Friday, November 05, 2010

This Week In The Ontario Court of Appeal: 10-11-05

Each week at Wise Law Blog, we review decisions from the Ontario Court of Appeal.

R. v. Canadian Broadcasting Corporation. The CBC wanted to produce a documentary for the fifth estate about Ashley Smith, who died in custody at the Grand Valley Institution for Women. Four correctional officers were charged with criminal negligence causing death in the matter, but the Crown declined to prosecute after the preliminary hearing, stating there was no reasonable prospect of conviction. The CBC sought a court order releasing the trial exhibits, but the judge granting the order limited the release strictly to documents shown at the trial rather than the total of all documents prepared. The CBC appealed this. The Correctional Service of Canada cross-appealed, arguing that the CBC should not have had any access to the exhibits. The Office of the Chief Coroner also cross-appealed, arguing that the trial judge should have hewed more closely to their opinion for determining the properness of document release in the matter.

The Court of Appeal found that the CBC should have had access to all documents prepared, and rejected the CSC's and OCC's cross-appeals entirely. Although the Court dismissed the CBC's argument that the Dagenais/Mentuck test, which is used to determine whether the publication of court materials might endanger the proper administration of justice, should not apply to journalistic media, they did find that the application judge erred in limiting the CBC's access.

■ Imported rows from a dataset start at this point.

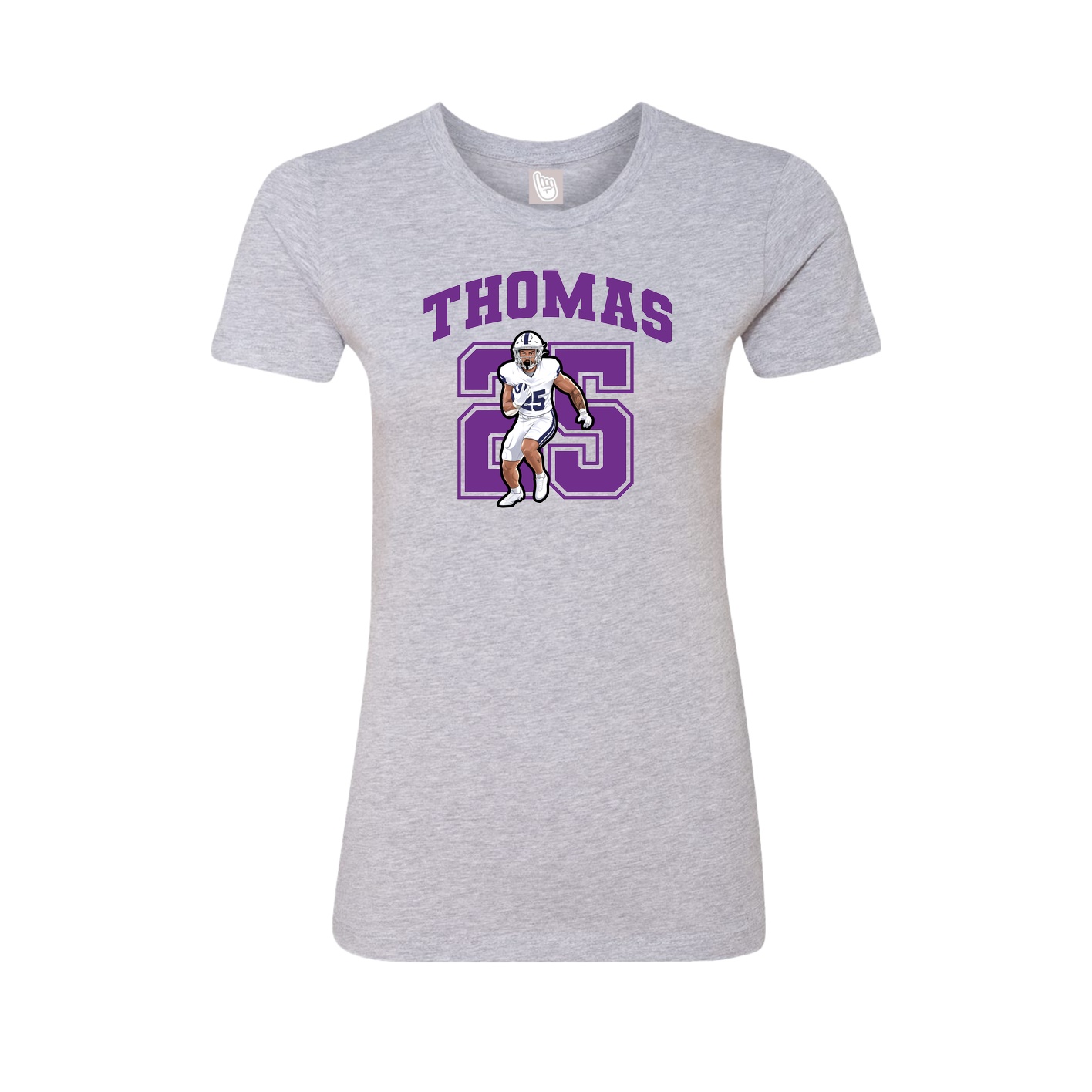 Fitted Women's Tee — Number in Grey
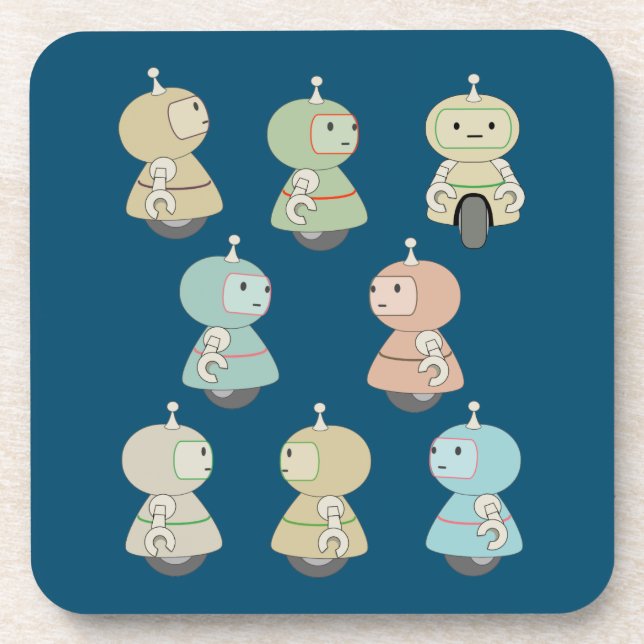 Cute Retro Robot Pattern Coaster (Front)
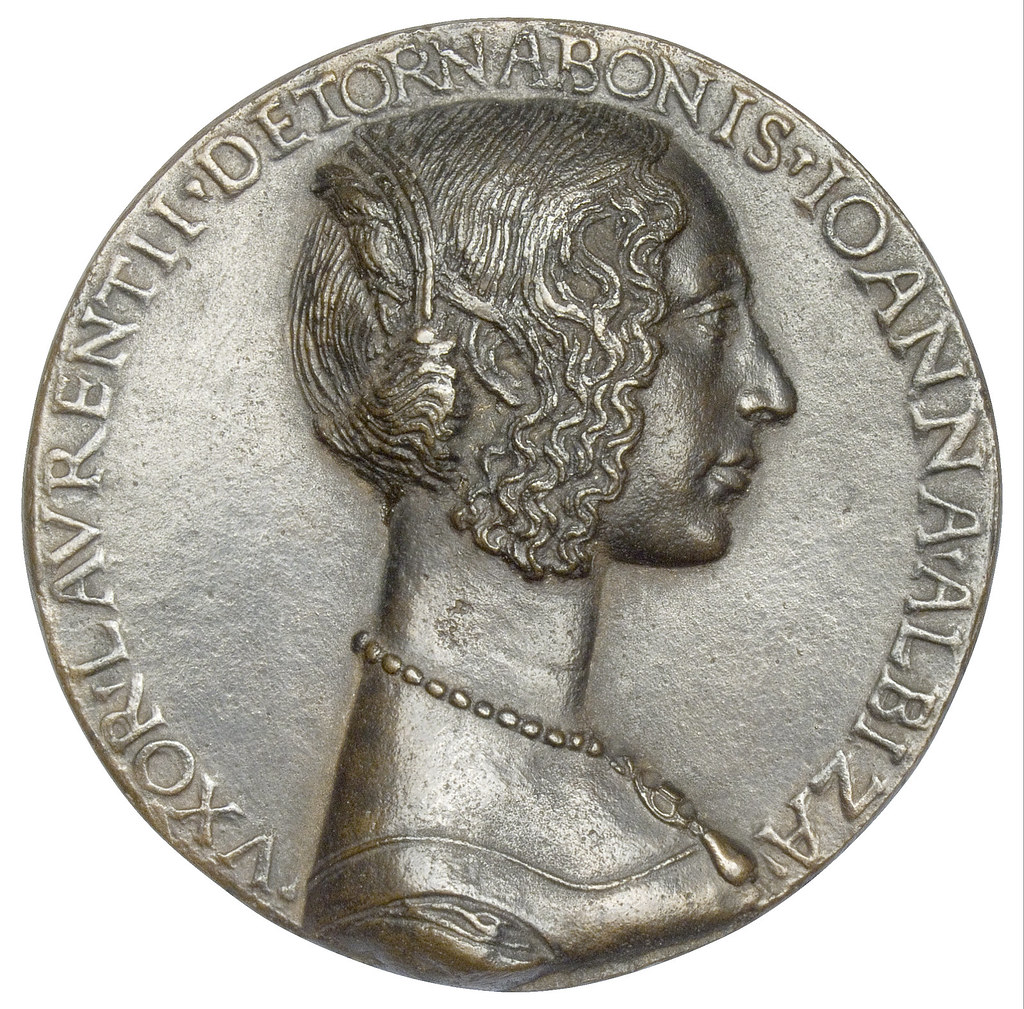 Niccolò Fiorentino - Medal 2 on Giovanna degli Albizzi Tornabuoni, recto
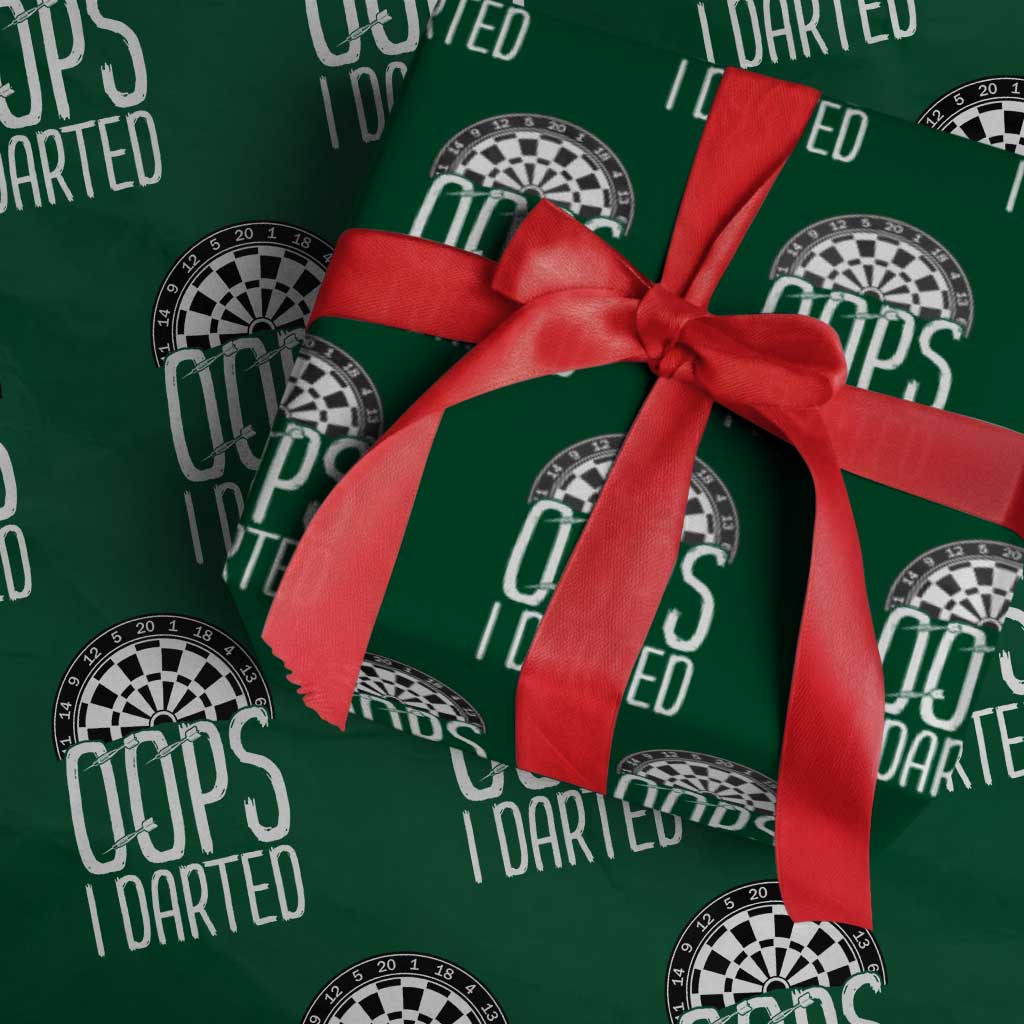 Sarcastic Dartist Gift Wrapping Paper Roll Funny Oops I Darted Darts Lover - Wonder Print Shop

The Court compared the situation to that of the Paul Bernardo murders where media access was strictly limited, pointing out that in this case there was no pressing need to protect the mental well-being of the victim's family since Ashley Smith's mother had given permission to the CBC to make the documentary. Since there was no finding of potential harm, there was nothing in the law which allowed a judge to "impose his or her opinion about what does not need to be broadcast to the general public." Read-the-whole-case rating: 4. It's an interesting set of facts and an interesting issue, and well-written.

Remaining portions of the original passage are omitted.